Fortunately, the market offers numerous data recovery tools that can help you get your data back. But there is something about these cards you should know before you reach for a data recovery tool.
- Flash Chips: Riddled with Defects
- Recovering Data from SD Cards
- Recovering SD, SDHC and SDXC Memory Cards: Is There a Difference?
- But I’ve Just Bought a 64 GB SDHC Card!
- Questions and answers
- Comments
Flash Chips: Riddled with Defects
Can you believe you can buy the whole 64 gigabytes of fast, high-quality solid-state memory for as little as $20, or does it sound too good to be true? Why is an SSD drive of said capacity three to four times as expensive as a much smaller SD card with similar capacity?

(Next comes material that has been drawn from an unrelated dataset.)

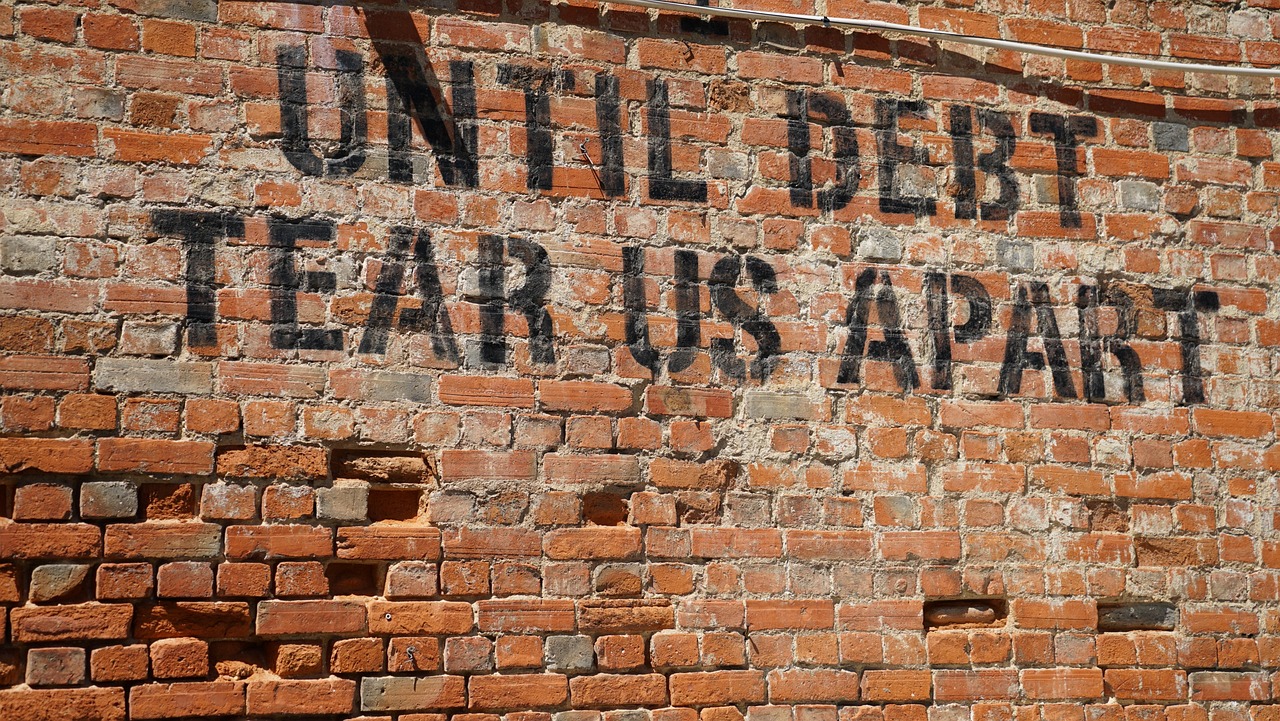 Gestão de manutenção industrial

Isn’t it using exactly the same type of memory, just in a different shell?
In fact, you can’t really buy 64 gigs of high-quality flash memory for under $20, and there is a good reason why SSD drives are that much more expensive compared to SD or micro SD cards. The answer is buried in the question itself. Why you can buy a 64 GB micro SDXC memory card off Amazon for not much more than $20, the actual flash memory the manufacturer puts in these cards is of a completely different quality compared to that of a typical SSD drive.
So how exactly are manufacturers able to achieve these unbelievably low memory prices? They do smart tricks to make the memory card appear as 64 GB of contiguous space while in fact the actual chip is riddled with defects.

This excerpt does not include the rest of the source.